Тимур Туров - Империя смерти
– С ума сошел? – рявкнул Петровский.
– Э… вон… – Нигматуллин поднял дрожащую руку и указал куда-то вперед, влево и вверх.
Петровский посмотрел в указанном направлении и обомлел – примерно там, где над домами торчала телевышка, расползалось нечто похожее на облако разрыва; огненные струи плавно текли в разные стороны.
– О… – сказал старший сержант, чувствуя, что больше не хочет спать. – Теракт?
Сверкание в небе исчезло, сгинуло без следа, и Петровский сжался в ожидании грохота, ударной волны, без которой не может обойтись взрыв такой мощности. Вдоль Белинки промчался сильный порыв ветра, согнулись деревья на обочинах, бешено закружились снежинки, капли дождя размазало по лобовому стеклу.
Но на этом все и закончилось, а когда Нигматуллин включил «дворники», стало ясно, что телевышка высится на том же месте, целая и невредимая.
– Глюк? – высказал новое предположение старший сержант.
– Не знаю, – буркнул водитель без обычного упора на «э». – Надо поближе посмотреть.

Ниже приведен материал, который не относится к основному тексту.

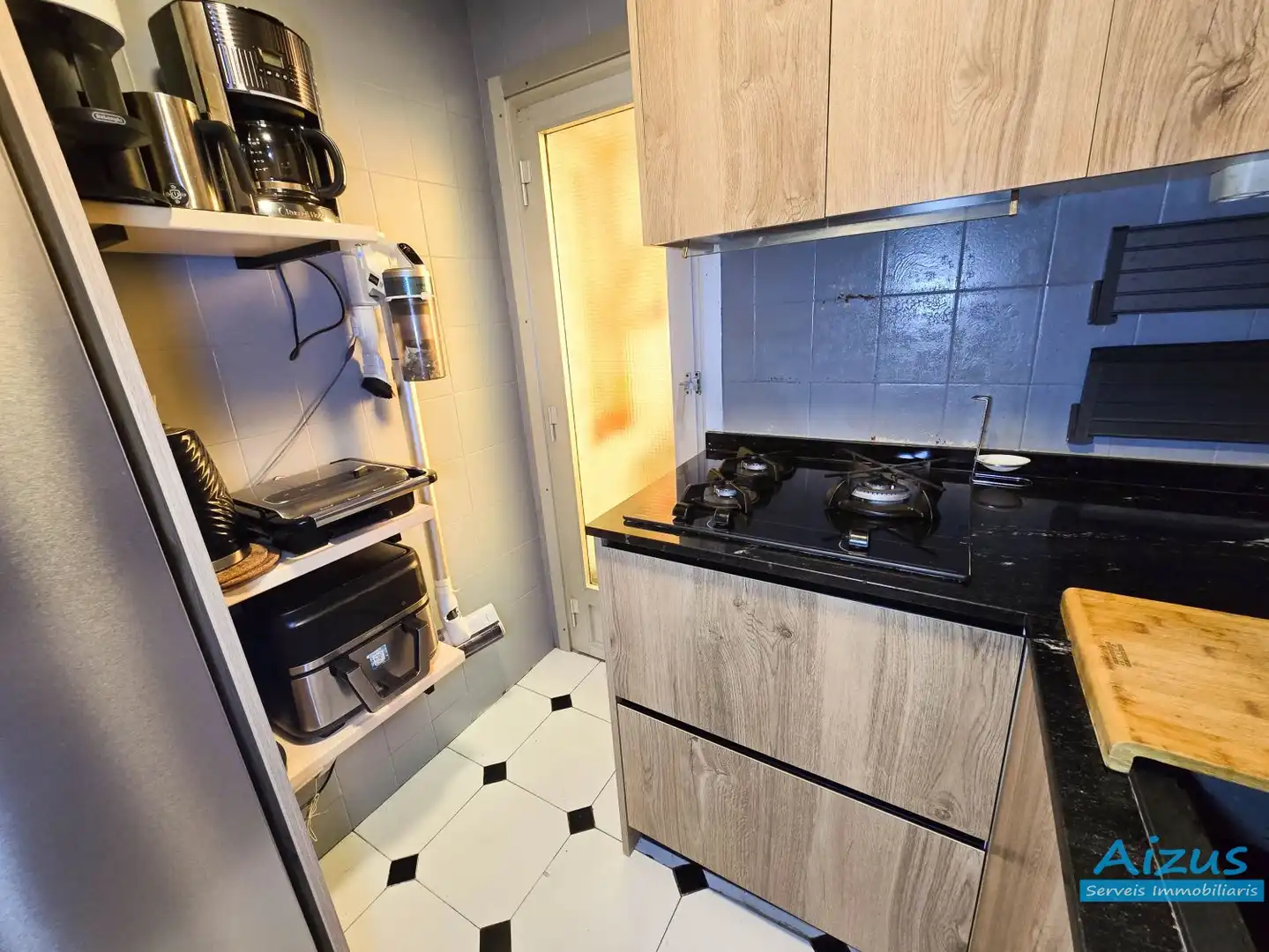 Cocina de Piso en venta en Ripollet con Aire acondicionado, Horno y Balcón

Они поехали дальше, и вскоре стало видно, что телевышка не пострадала от взрыва, если этот взрыв в самом деле был. Еще обнаружилось, что на площади Лядова творится какая-то масштабная суета, а у торца второй политеховской общаги стоит патрульная «Волга» с номером тринадцать на боку, и что у нее включена мигалка на крыше.
– Экипаж Семенова, – сказал Петровский. – Тормозни. Пойду гляну.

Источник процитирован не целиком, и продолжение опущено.